Have you ever put a bottle or can of soda or beer in the freezer and forgotten about it? The expansion of that ice as it freezes creates incredible pressure. (This spoken as a man who, just a few weeks ago, was up at 4AM repairing burst pipes in the the balmy -15F of my basement, where someone who will remain nameless left the outer door unlatched with 40 knot winds.)

Another piece of evidence is that the water stops flowing through the pipe before it busts (because it’s plugged up with ice).

Freezing weather makes outdoor pipes break not because the water inside them is freezing but because the ground around them is freezing. Frost heave is causing the pipes to flex. Different types of soil, depth, etc., cause different amounts of flexing. Even though the pipes should be buried deeper than the frost line, changing pressures on freezing soil above them can still cause flexing. Over time, objects below the frost line can be worked up towards the surface.

Flushing the toliet a couple times a night will have no significant impact on this.

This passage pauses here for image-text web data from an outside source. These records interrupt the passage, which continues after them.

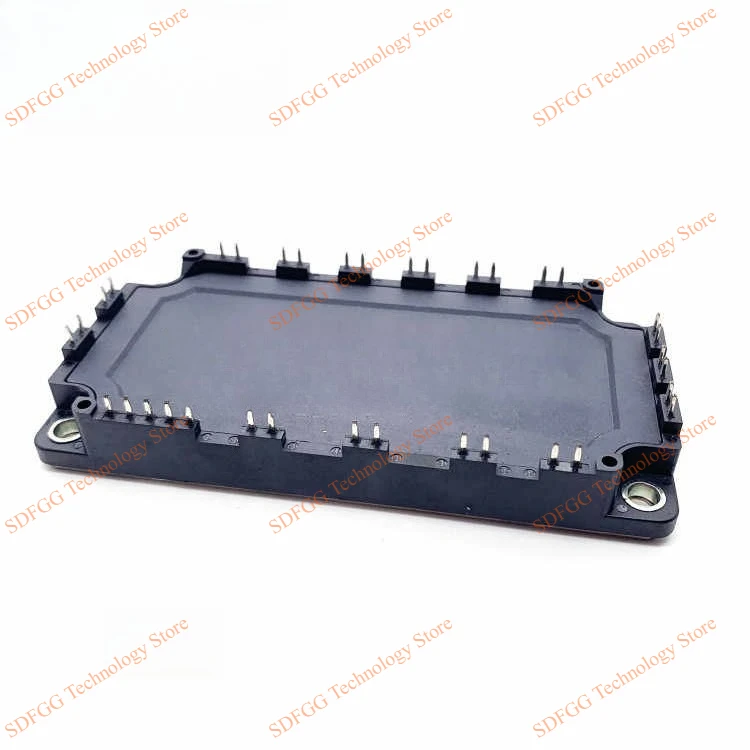 Brand New Original 7MBR50SB060-03 7MBR75SB060-03 IGBT Module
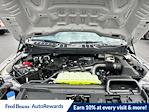 New 2025 Ford F-150 STX SuperCrew Cab 4WD Pickup for sale #H50581 - photo 28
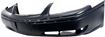 Chevrolet Front Bumper Cover-Primed, Plastic, Replacement C010314P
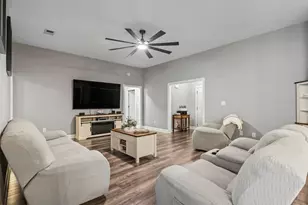 1930 W Homewood Rd, Conway, SC 29526 - Photo 15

There seems to be a lot of mis-understanding about this.
When water freezes it expands.
Solids don’t compress very well.
Something is going to give, most likely the pipe.
Frozen pipes are likely to split, not break off cleanly.
During a cold spell it is a very good idea to run a slight trickle of water.

Herman & Bill and hammerbach, the information in your posts may be all well and true for household plumbing, but it does not apply to water mains because – unless they were installed by idiots – they lie under the frost line. The frost line, as its name implies, is a soil depth (that varies by region, btw) below which the temperature does not reach the freezing mark. The soil does not freeze below the frost line, nor do water pipes.

ftg’s comment about frost heave may, on the other hand, have some validity. It is a potent natural force, but I’m remain dubious about its effect on an object so massive and (presumably) deep as a water main.

When I was in the Military stationed in Alaska, we always let our water run at a trickle all day and all night. Sure, this increased the cost of water for the base, but the cost was much less than a big break in the water main. Never were we told to flush the toilets occasionally.

Depends on what we are really talking about.

A water ‘main’ is incoming water. A slow trickle can help keep these from freezing.

The big question is… Is it just your house, or the neighboors as well.

A slow trickle can slowly fill up your waste pipes and slowly freeze. Leaving you with incoming water but no drain.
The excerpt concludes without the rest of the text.